Molecular characterization of Pacific oyster (Crassostrea gigas) IRAK4 gene and its role in MyD88-dependent pathway.

作者信息

Tang Xueying, Huang Baoyu, Zhang Linlin, Li Li, Zhang Guofan

机构信息

Key Laboratory of Experimental Marine Biology, Institute of Oceanology, Chinese Academy of Sciences, Qingdao, Shandong 266071, China; University of Chinese Academy of Sciences, Beijing 100039, China; Laboratory for Marine Biology and Biotechnology, Qingdao National Laboratory for Marine Science and Technology, Qingdao, Shandong 266071, China; National & Local Joint Engineering Laboratory of Ecological Mariculture, Qingdao, Shandong 266071, China.

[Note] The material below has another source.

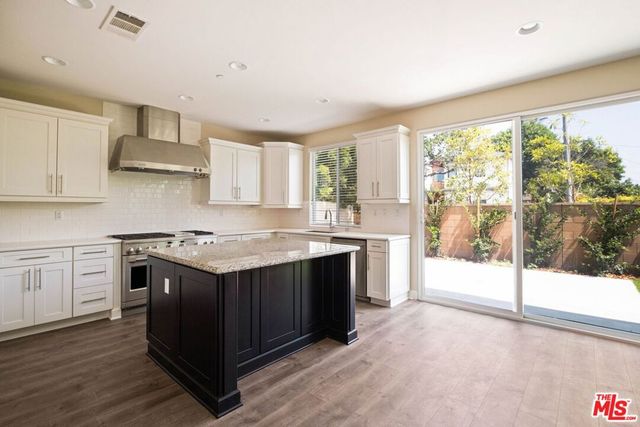 5929 Spelthorne Lane, Los Angeles, CA 90034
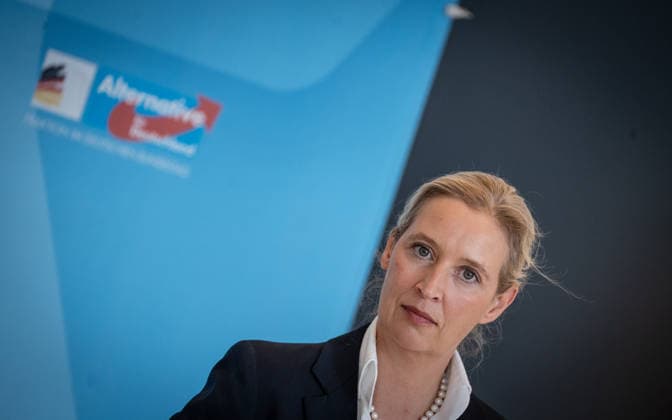 Alice Weidel, AfD-Partei- und Fraktionsvorsitzende;Pressestatement der beiden Parteivorsitzenden und Fraktionsvorsitzenden der AfD vor Beginn der Fraktionssitzung im Deutschen Bundestag, Berlin Berlin Deutschland Bundestag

Key Laboratory of Experimental Marine Biology, Institute of Oceanology, Chinese Academy of Sciences, Qingdao, Shandong 266071, China; Laboratory for Marine Biology and Biotechnology, Qingdao National Laboratory for Marine Science and Technology, Qingdao, Shandong 266071, China; National & Local Joint Engineering Laboratory of Ecological Mariculture, Qingdao, Shandong 266071, China.

出版信息

Dev Comp Immunol. 2017 Jul;72:21-29. doi: 10.1016/j.dci.2017.02.004. Epub 2017 Feb 13.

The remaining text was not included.